Receivables Finance refers to several options a company has to raise funds against invoices that have been generated but not paid. The notion of ‘receivables’ refers to unpaid invoices. The options in receivables finance revolve around using these unpaid invoices to generate cash for a company. This liberated cash can be used to strengthen working capital as well as make improvements to a company.
Receivables is often referred to as ‘trade receivables’ and ‘accounts receivable’.
Receivables Finance
There are 3 main types of receivables finance available to a company:
- Factoring. This is when a company takes an unpaid invoice to a factoring company. The factoring company confirms the legitimacy of the invoice. If the factoring company is satisfied the invoice is genuine, it will enter into an agreement with the company whereby they will pay 70-90% of the face value of the invoice within a couple of days. The factoring company will wait to take payment from the debtor. Once the debt has been paid, the factoring company deducts its fee and remits the remaining money to the company that used its services.
- Invoice Discounting. This is similar to factoring. With invoice discounting a third party accepts an unpaid invoice as grounds to release 70-90% of the invoice value to the company awaiting payment. The main difference with factoring is that it remains the responsibility of the company to chase up clients for payment. Invoice discounting is often done without the knowledge of clients.
- Asset-based lending. This is when a company can use a third party to release the funds early but secured against collateral. This collateral could be inventory, equipment, commercial property or accounts receivable.
More Considerations
Receivables financing offers several options. It is up to a company using its receivables to secure early payment of invoices to pick carefully.

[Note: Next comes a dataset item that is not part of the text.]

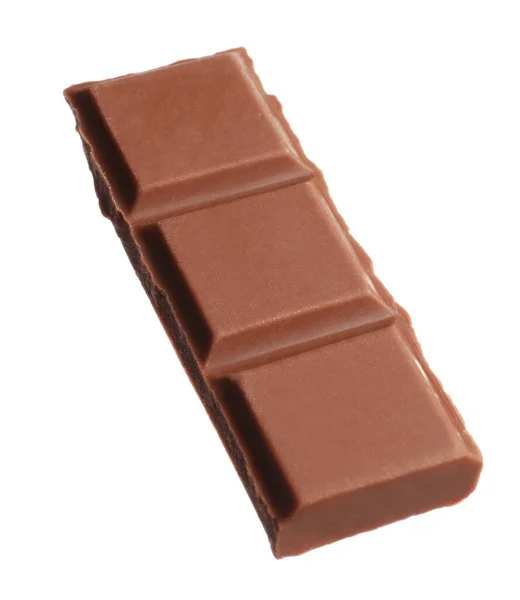 Kousek Chutné Čokolády Izolované Bílém — Stock fotografie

Here are some of the salient considerations:
- Recourse or non-recourse? ‘Recourse’ is a legal term meaning there is a legal and enforceable right of compensation. In recourse factoring the factoring company does not take responsibility for paying the amount due if the debtor defaults, goes bankrupt etc. A company using recourse factoring should choose carefully which invoices to use in this type of receivables finance. The opposite is the case with non-recourse factoring. In this scenario the factoring firm accepts the invoice at a discount price and it is the factoring firm’s responsibility to collect on the due date for the invoice. For this reason, non-recourse factoring incurs higher fees.
- Sale or Loan? A company must decide whether they are selling receivables to a financier to access early payment, or whether the receivables are kept but used as security on a loan.
- Who chases up the money? Receivables finance often allows for discretion on who the debtor communicates with regarding late payment. Clients can often take umbrage at being hounded by a third party for payment. However, factoring firms often have experience and a dedicated legal team to make sure the original invoice is paid in full.
In Summary
Receivables refers to invoices for sales made that have not been paid for. A company can use these receivables to secure early payment via a third party, usually a factoring company. When structuring receivables finance it is important for a company to make sure they are deploying the best options.